Another project of Ley had to do with a secret weapon that a professor was developing and that no one knew much about, save that it would work by remote control. When asked about experiments involving the weapon at Waldenburg, an adjutant of Ley said it failed: that "it would not even hurt a rabbit."
A more attractive prisoner was the movie-maker, Leni Riefenstahl, whose film of the 1936 Olympic games was regarded, because it was truly great, as a triumph of Nazi propaganda. Wallenberg and Langendorf interrogated her, and, it must be said, she won them over. All the bad that happened to her later, because her career had survived the war, was in spite of their report:
Her statements give one the impression of honesty, and the dread which she expresses about the Regime and its leaders seems sincere. It is possible that she actually was not aware of what went on. That was her sin of omission, which appears all the more serious due to the fact that she, more than any other person, had the opportunity to get to the truth. She is a product of the moral corruption which characterizes the regime. But it would be false to picture her as an ambitious female who wanted to attain fame and wealth on the NSDAP bandwagon.

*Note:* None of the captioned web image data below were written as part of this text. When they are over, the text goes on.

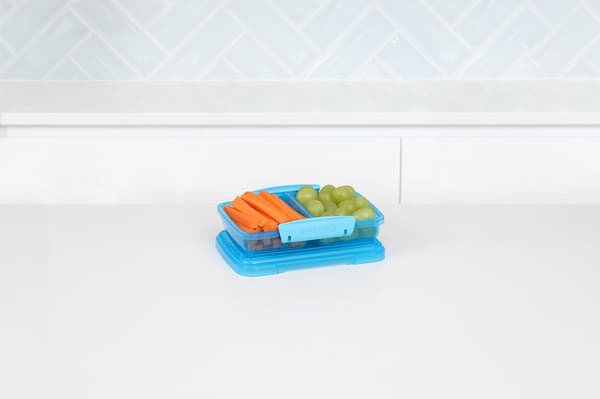 Sistema Small Split matboks 350 ml – Ocean blue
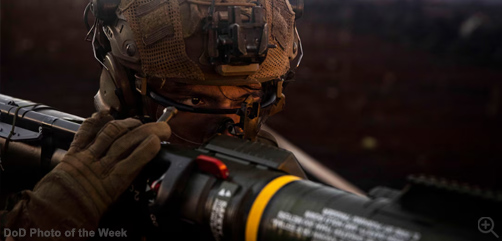 Marine Corps Lance Cpl. Orlando Florez engages simulated targets with an M136 AT4 light anti-armor weapon system during a live-fire training event at Pohakuloa Training Area, Hawaii, Jan. 15, 2026.  Image: DoW - ALLOW IMAGES.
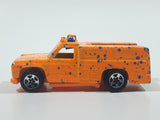 1996 Hot Wheels Splatter Paint Rescue Ranger Orange Fire Truck Die Cast Toy Car Vehicle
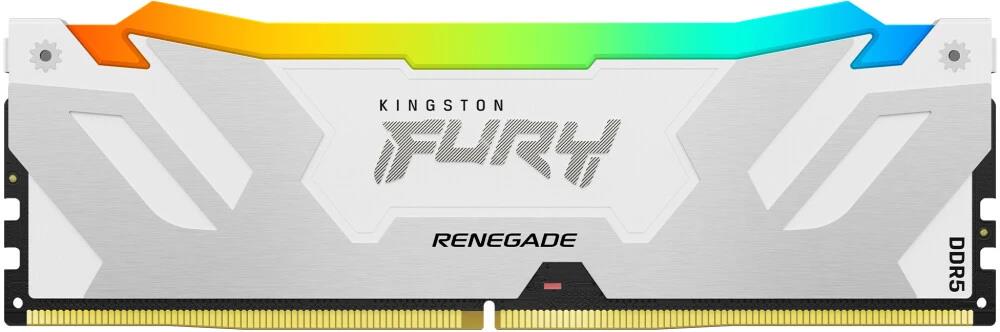 Изображение Оперативная память 16 GB DDR5 Kingston Fury Renegade White (60800 МБ/с, 7600 МГц, CL38)
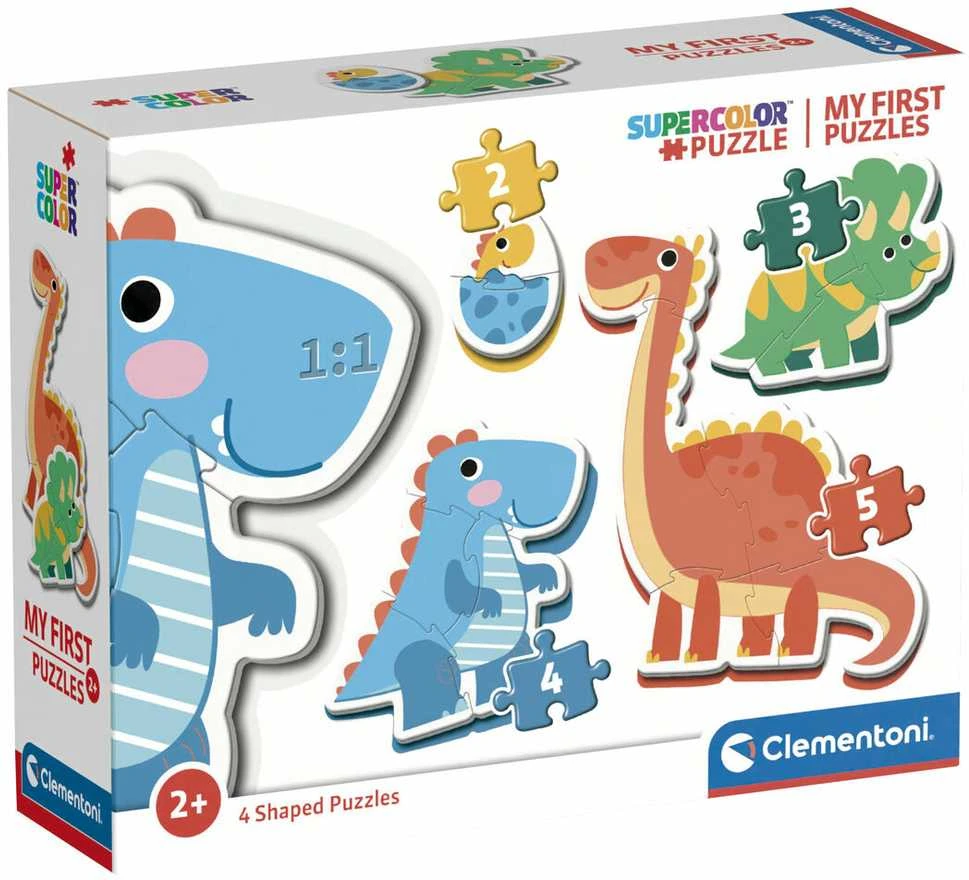 Clementoni Dėlionė 14 vnt. - "Mano pirmoji dėlionė" - Dinozaurai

What really happened, thought her interrogators, is that her admiration for Hitler closed her eyes, while his authoritative hand let her pass unscathed through the nasty struggles and back-stabbing politics inside the Regime. She could dream and live in her art. She could help Jews from time to time. She could deny, because she was en route to America, the November 1938 Crystal Night pogroms about which she was asked when she arrived by boat; when she returned to Germany, she was told that they were true, that the American newspapers had not lied, but that the perpetrators of the pogroms were being punished. She believed that the concentration camps, of which she had heard, were places of detention and punishment of criminals. And so on.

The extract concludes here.